# Hummingbird Problem



## George43001 (Aug 18, 2006)

I have a Hummingbird Wide One Hundred fish finder and the wire on the transducer has been cut. Is it worth spending $60.00 for a new transducer or would it be better just to replace the unit ??


----------



## crappiedude (Mar 12, 2006)

Is it worth it? I think thats really a question only you can answer.
Only you know how much you fish, your personal finances or your plans or future plans on equipment upgrades.
If moneys no problem and you fish alot, buy the biggest thing you can find


----------



## George43001 (Aug 18, 2006)

I was looking for a little more info than that. I just recently purchased the boat that this fish finder is installed on. I am not familar with this model and it is nolonger manufactured. I'm not a tournment angler and fish only for the fun of it -- what I want is to be able to mark fish and see how deep it is, so I don't run aground and damage the prop or motor. I don't want to spend anymore than I have to, but I don't want to install a new transducer if the unit isn't worth it. Most fish finders aren't cheap and for buying the biggest one I can find isn't an option, as I don't want to spend several thousand dollars on one.


----------



## Bad Bub (Jan 17, 2006)

George43001 said:


> I was looking for a little more info than that. I just recently purchased the boat that this fish finder is installed on. I am not familar with this model and it is nolonger manufactured. I'm not a tournment angler and fish only for the fun of it -- what I want is to be able to mark fish and see how deep it is, so I don't run aground and damage the prop or motor. I don't want to spend anymore than I have to, but I don't want to install a new transducer if the unit isn't worth it. Most fish finders aren't cheap and for buying the biggest one I can find isn't an option, as I don't want to spend several thousand dollars on one.

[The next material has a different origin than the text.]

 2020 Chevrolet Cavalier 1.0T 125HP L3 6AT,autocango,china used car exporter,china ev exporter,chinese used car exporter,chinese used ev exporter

A new, entry level unit is going to run you over $100. A new transducer can be bought on eBay or Amazon for a lot less than $60. If all you want is depth readings, as long as the head unit works and is still water tight, a new transducer will do you fine.

Sent from my DROID RAZR using Ohub Campfire mobile app


----------



## Eriesteamer (Mar 9, 2007)

I can fix it so if you care sell it let me know threw my PM and we can go from there. If you was my fishing pal I fix it free but that is if you was. I used to fix the spin type as they was duck soup for me to fix. Most the newer are not made to fix. Any one read this and have any spin type I buy it. Like get a few vexlers or what as they have 3 colors and are worth fixing less a Mack truck ran over it. Still take older one that are spin and black and white.


----------



## Snakecharmer (Apr 9, 2008)

Why not strip the wires and rewire it? What do you have to lose?

It worked when I took the hedgeclippers to the extension cord....


----------



## Lil' Rob (Apr 11, 2004)

Snakecharmer said:


> Why not strip the wires and rewire it? What do you have to lose?
> 
> It worked when I took the hedgeclippers to the extension cord....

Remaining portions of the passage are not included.